Use the following scripts in the code directory to analyze the data (set the working directory to code first):

  • Initial_analysis.Rmd : initial processing of the profiles. This would then create a file containing the results results/master/Initial_analysis/Initial_analysis_workspace.RData, which would then be used in other scripts. The analyses in this file include : filtering the data based on QC metrics, median polishing, feature selection and dimensionality reduction, hit selection, z-scoring, and clustering.
  • Dendrogram_cutoff_selection_based_on_Stability.R : an analysis which finds the threshold used for cutting the dendrogram to obtain the clusters (Fig. 3 (without subpopulation information overlay), and Supp. Fig. 4).
  • ORF_Sequence_Score_when_matched_to_transcripts.R : downloads ORF sequence matching score to the transcripts (the result would be stored in results/master/ORFs_sequence_matching_transcripts_percentage; you need to be connected to the internal Broad Institute network for this to work.

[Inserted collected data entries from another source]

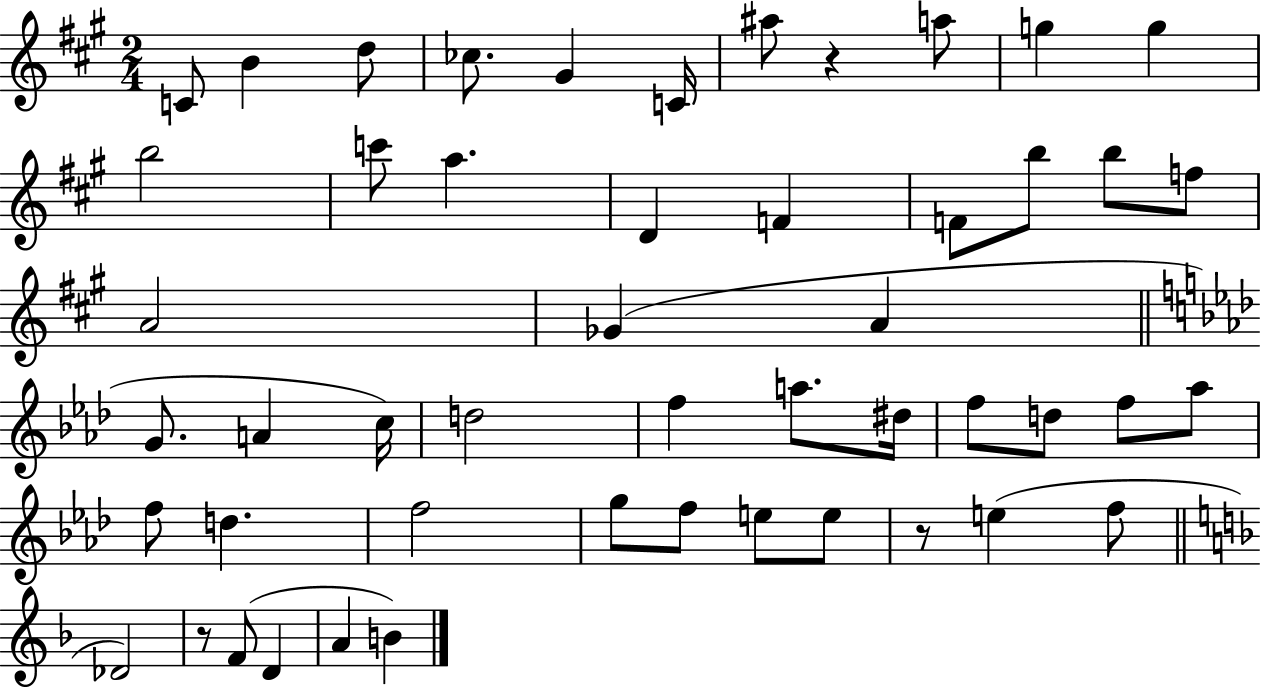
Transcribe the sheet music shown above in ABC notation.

X:1
T:Untitled
M:2/4
L:1/4
K:A
C/2 B d/2 _c/2 ^G C/4 ^a/2 z a/2 g g b2 c'/2 a D F F/2 b/2 b/2 f/2 A2 _G A G/2 A c/4 d2 f a/2 ^d/4 f/2 d/2 f/2 _a/2 f/2 d f2 g/2 f/2 e/2 e/2 z/2 e f/2 _D2 z/2 F/2 D A B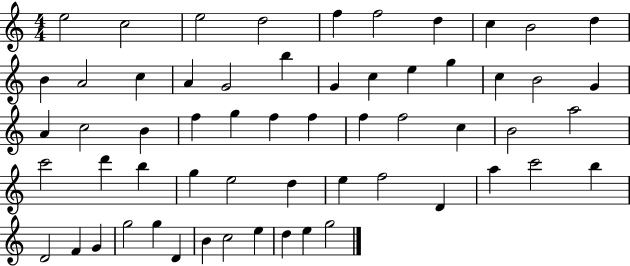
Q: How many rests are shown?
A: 0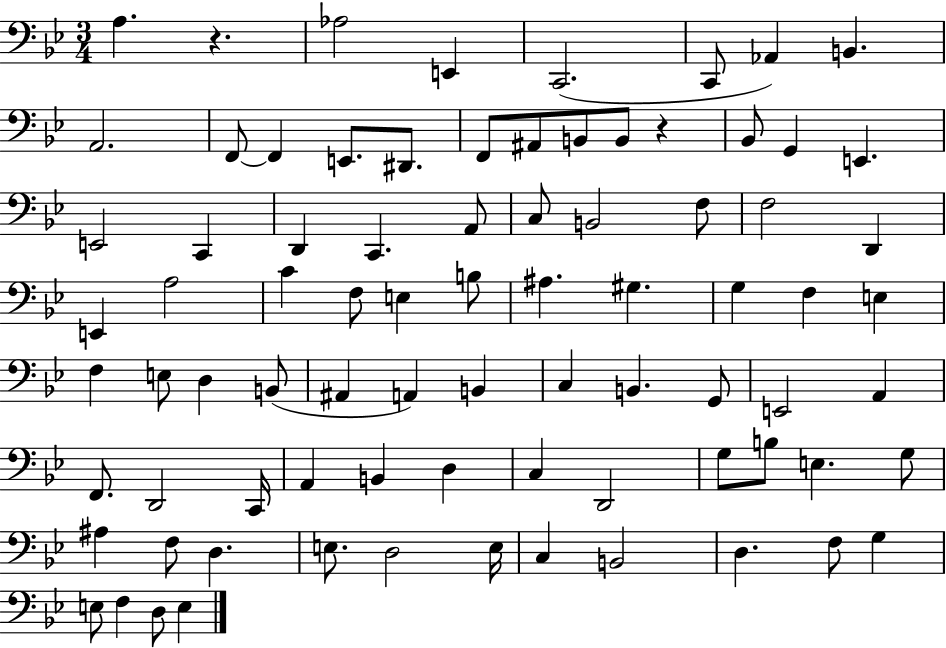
A3/q. R/q. Ab3/h E2/q C2/h. C2/e Ab2/q B2/q. A2/h. F2/e F2/q E2/e. D#2/e. F2/e A#2/e B2/e B2/e R/q Bb2/e G2/q E2/q. E2/h C2/q D2/q C2/q. A2/e C3/e B2/h F3/e F3/h D2/q E2/q A3/h C4/q F3/e E3/q B3/e A#3/q. G#3/q. G3/q F3/q E3/q F3/q E3/e D3/q B2/e A#2/q A2/q B2/q C3/q B2/q. G2/e E2/h A2/q F2/e. D2/h C2/s A2/q B2/q D3/q C3/q D2/h G3/e B3/e E3/q. G3/e A#3/q F3/e D3/q. E3/e. D3/h E3/s C3/q B2/h D3/q. F3/e G3/q E3/e F3/q D3/e E3/q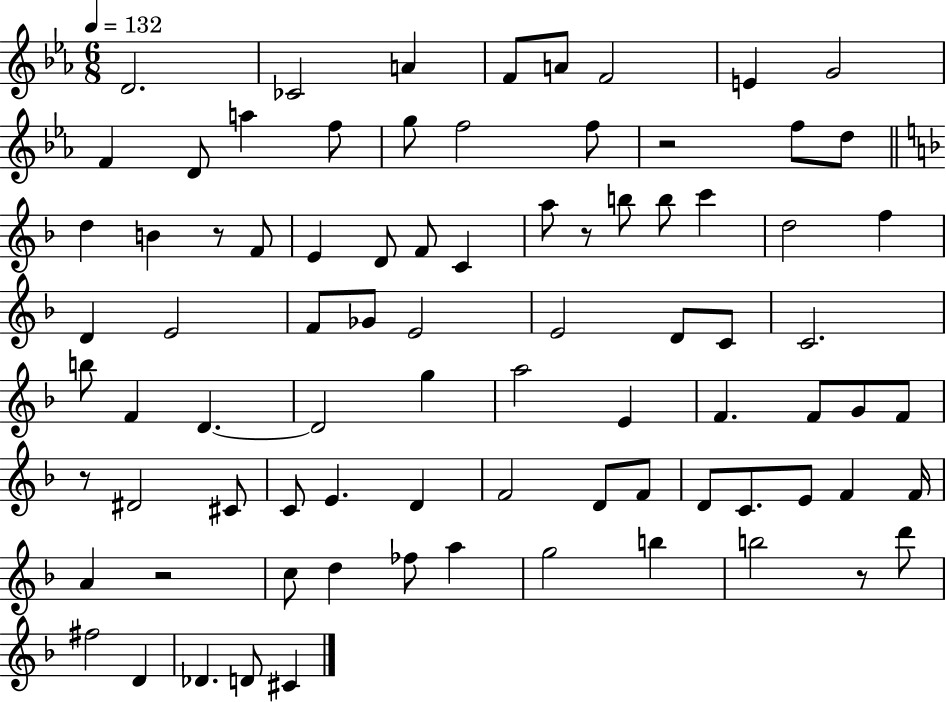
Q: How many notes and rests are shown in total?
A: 83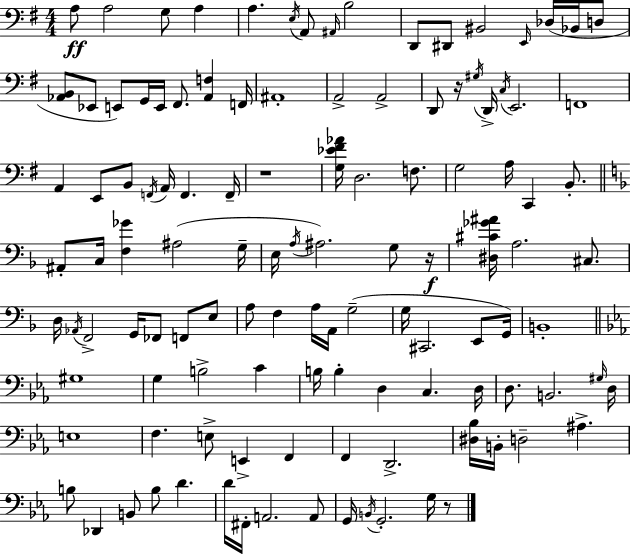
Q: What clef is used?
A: bass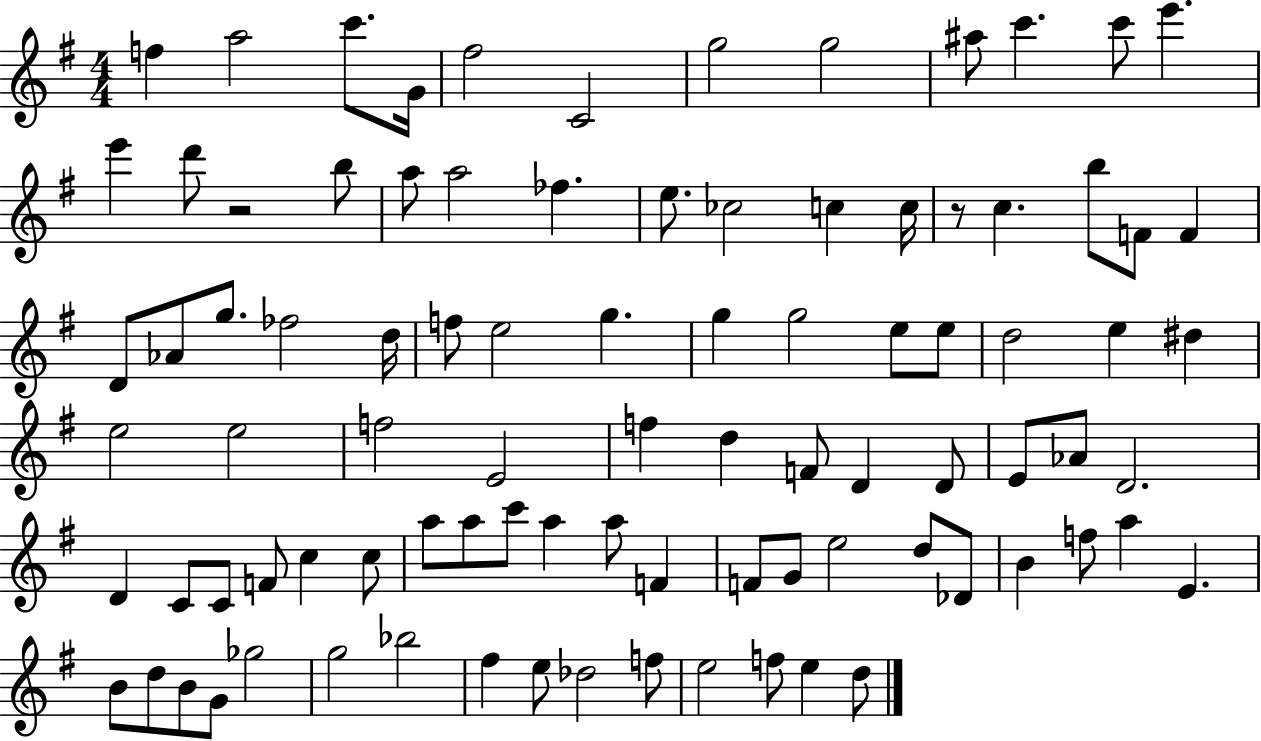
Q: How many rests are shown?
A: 2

  • Gather_Protein_Interaction_Data.R : downloads relevant protein interaction data from the BioGRID and place the results in results/master/protein_interaction_data.
  • Printing_out_Original_Constructs_Info.R : prints out the set of all constructs used in the experiment (Supp. Table 1)

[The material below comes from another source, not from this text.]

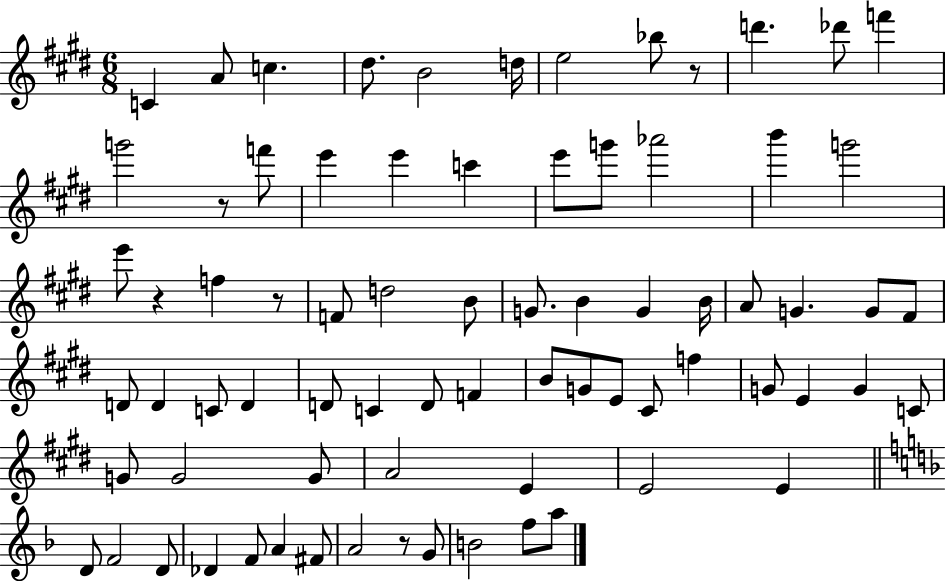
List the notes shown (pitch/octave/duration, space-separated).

C4/q A4/e C5/q. D#5/e. B4/h D5/s E5/h Bb5/e R/e D6/q. Db6/e F6/q G6/h R/e F6/e E6/q E6/q C6/q E6/e G6/e Ab6/h B6/q G6/h E6/e R/q F5/q R/e F4/e D5/h B4/e G4/e. B4/q G4/q B4/s A4/e G4/q. G4/e F#4/e D4/e D4/q C4/e D4/q D4/e C4/q D4/e F4/q B4/e G4/e E4/e C#4/e F5/q G4/e E4/q G4/q C4/e G4/e G4/h G4/e A4/h E4/q E4/h E4/q D4/e F4/h D4/e Db4/q F4/e A4/q F#4/e A4/h R/e G4/e B4/h F5/e A5/e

  • Phenotype_Strength_and_WT_Pairs_Correlation_Plot.R : phenotype strength and WT clones correlation diagram (Fig. 2A, 2B, and Supp. Fig. 1)
  • Comparison_to_Protein_Interaction_Data.R : testing the hypothesis that for the highly correlated genes in Cell Painting, their corresponding proteins interact more than what expected by random chance (Supp. Fig. 6, Supp. Table 3)
  • Comparison_to_Pathway_Annotation.R : (Supp. Table 4)
  • Phenotype_Strength_across_Pathways.R : (Supp. Fig. 2)
  • Constitutively_Active_Mutant_Comparison_to_WT.R : (Supp. Table 2)
  • Phenotype_Strength_of_Genes_Supposed_to_Change_Morphology.R : (Fig. 2C)
  • GO_Term_Analysis_of_Clusters.R : (Supp. Table 5)
  • Cluster_type_A_pdfs.Rmd : (Supp. Data for Cluster, PDFs type A, Fig. 4A and 4B type of plots are included in the PDFs. Results are stored in the results/master/Clusters directory)
  • Cluster_type_B_pdfs.R : Supp. Data for Cluster, PDFs type B, Fig. 4C, 6A, 6B and Supp. Fig. 5 type of plots are included in the PDFs. Also the data in the PDFs are used as the overlay information in Fig. 3. Results are stored in the results/master/Clusters directory)
  • Target_Prediction_based_on_L1000_readout.R : code used to find common up- or down-regulated genes when a set of genes are overexpressed
  • GSEA_Plots.R : creating gene set enrichment analysis (GSEA) plots, based on query results from LINCS (Fig. 6C, Supp. Fig. 7, and Supp. Fig. 8).